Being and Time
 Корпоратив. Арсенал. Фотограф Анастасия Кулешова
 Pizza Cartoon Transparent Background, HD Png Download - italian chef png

Exercise details | Beginning with the line that contains "Корпоратив. Арсенал. Фотограф", return every line to the end of the listing, unchanged, and nothing else.

Exercise output |
 Корпоратив. Арсенал. Фотограф Анастасия Кулешова
 Pizza Cartoon Transparent Background, HD Png Download - italian chef png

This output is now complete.